Milja Laurila and Ville Kumpulainen are using photography as a conceptual tool, both emerging from the Helsinki School movement. Milja Laurila collects photographs from old encyclopedias to examine what will happen to these images when they are detached from their original contexts of visual knowledge. The series Atlas und Grundriss der Psychiatrie is inspired by a German psychiatric book from 1902. The book not only describes different types of mental diseases but also visually documents them. At that time, it was believed that mental illness manifested itself in physical appearance, meaning that it could be seen. Standard practice was to describe the physiognomy of the patients meticulously. The meanings that are ascribed to a photograph depend largely upon the context, the practices, and the situation in which the photograph is used. A portrait of a person with the caption “mentally ill” wants us to believe that this person is, in fact, mentally ill. But what will happen if the captions are left out?

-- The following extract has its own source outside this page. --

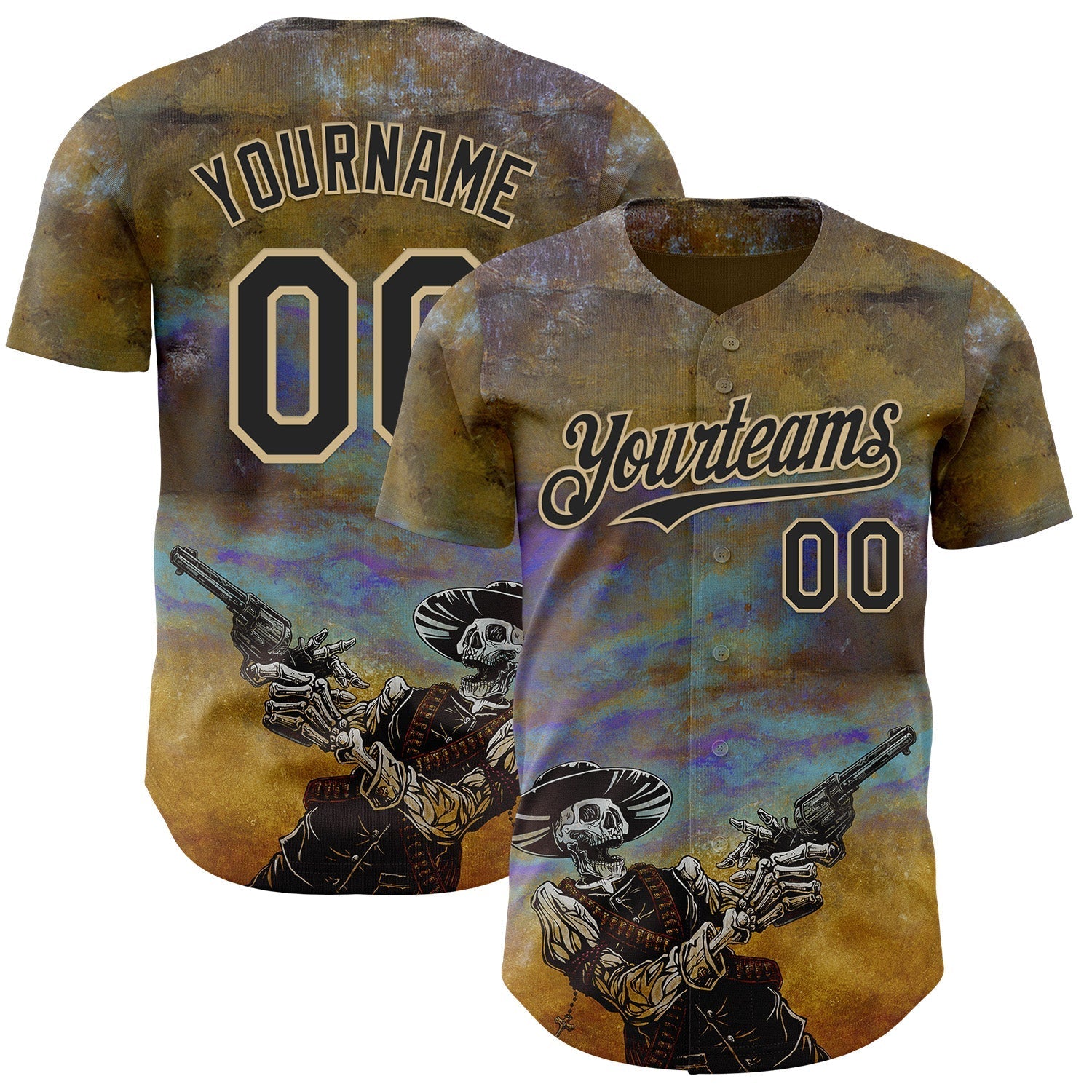 Custom Blue Black-Vegas Gold David Lozeau The Reckoning Authentic Baseball Jersey baseball jersey product view 1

Ville Kumpulainen continues his study of the unseen by using his camera to capture new dimensions and visual actualities from another view, from his collection of the mundane objects we all surround ourselves with. He then sets out to find the intrinsic voices inherent within these objects by combining them with fragments and words he has collected from magazines and books over time. Seemingly useless objects gather a different meaning when bridged to a word with another purpose. Kumpulainen also challenges his viewers with his assorted combinations of images that redefine their form through words associated with another meaning. He then poetically combines these textual dissociations with his abstract alterations to redirect our imagination. Kumpulainen states: “My artistic body of works visualizes the unexpected and inconsistent ways of thinking, which can be sought after and arrestingly discovered through the process of creating.”